▼

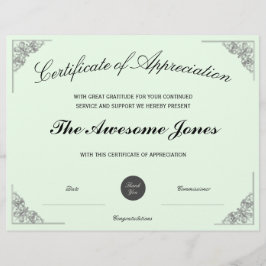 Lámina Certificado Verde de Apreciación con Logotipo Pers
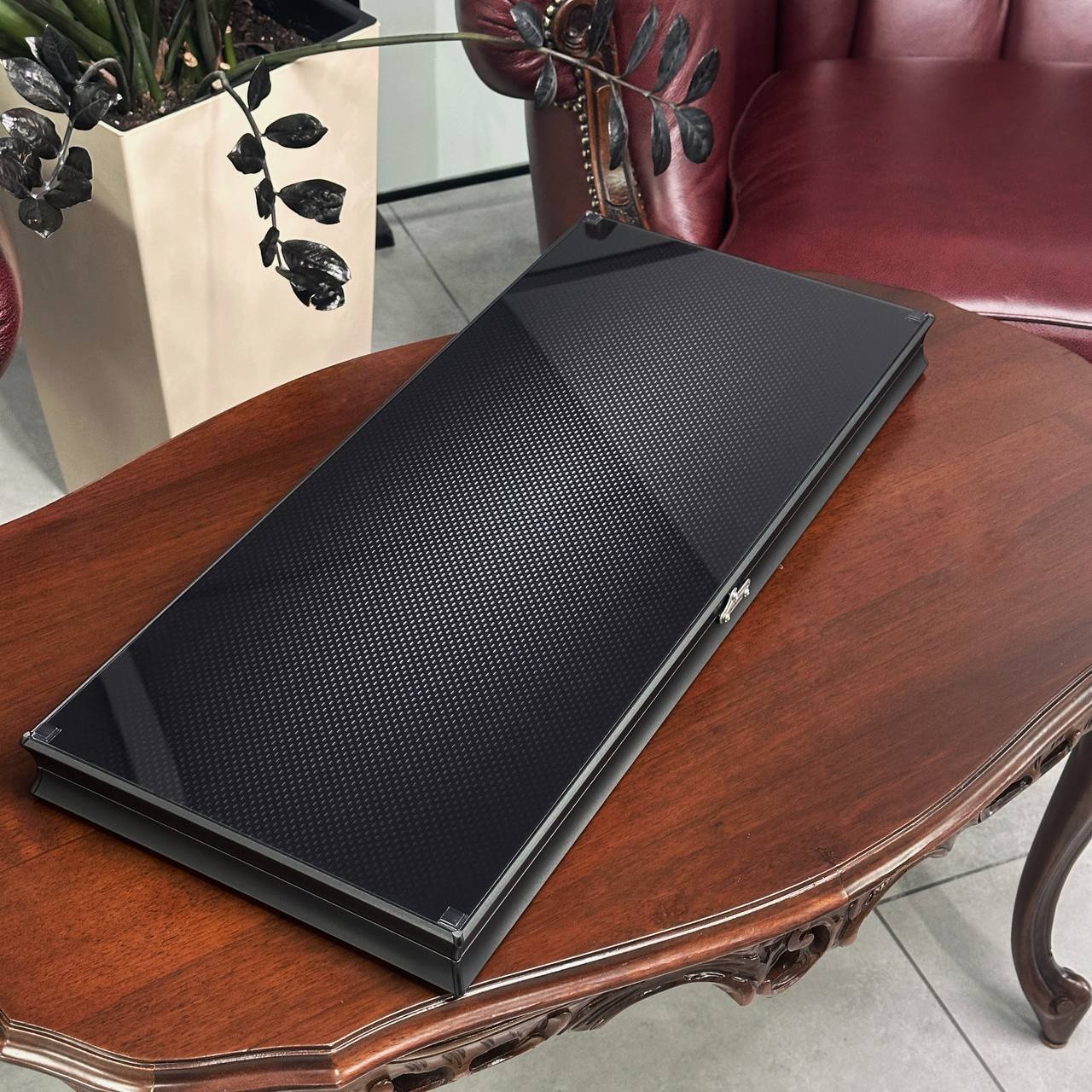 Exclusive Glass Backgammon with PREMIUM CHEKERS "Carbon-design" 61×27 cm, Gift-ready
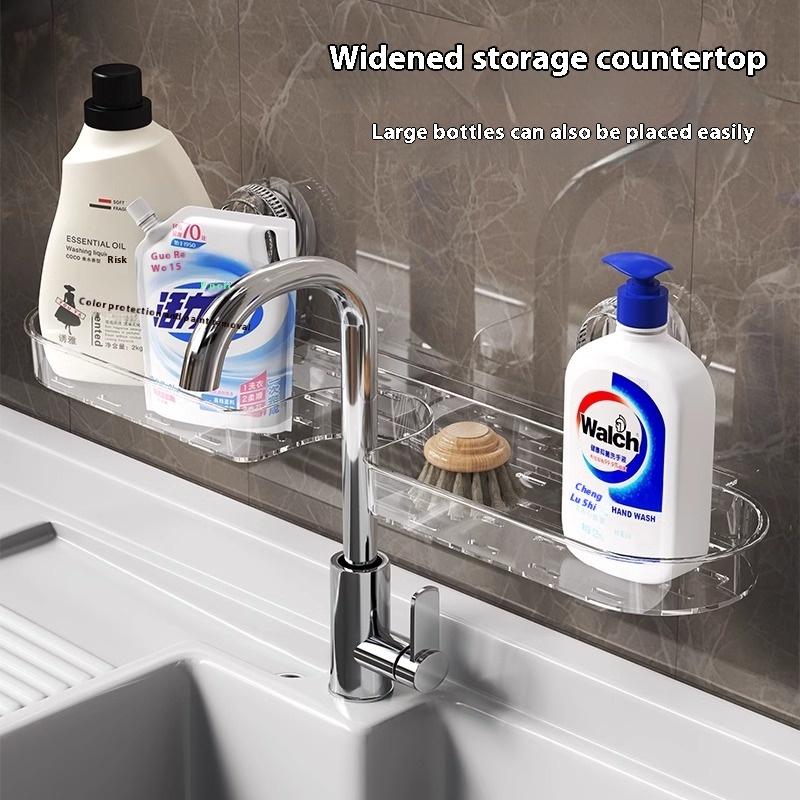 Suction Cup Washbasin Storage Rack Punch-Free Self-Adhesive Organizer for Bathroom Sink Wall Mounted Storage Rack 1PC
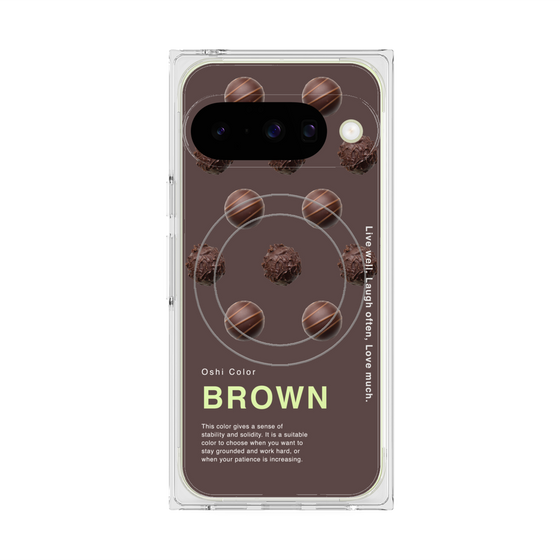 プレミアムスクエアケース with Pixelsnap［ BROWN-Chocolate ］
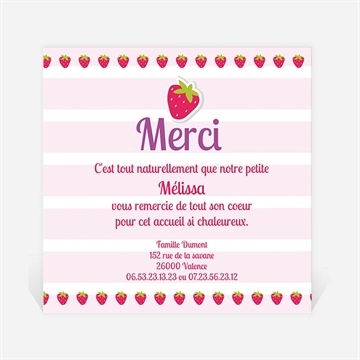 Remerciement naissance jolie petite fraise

▲

## WHAT YOU SHOULD DO
Take the lines from the one containing "プレミアムスクエアケース with Pixelsnap［" through the final line of the listing above and print them exactly, including both ends but no pictures.

## ANSWER
 プレミアムスクエアケース with Pixelsnap［ BROWN-Chocolate ］
 Remerciement naissance jolie petite fraise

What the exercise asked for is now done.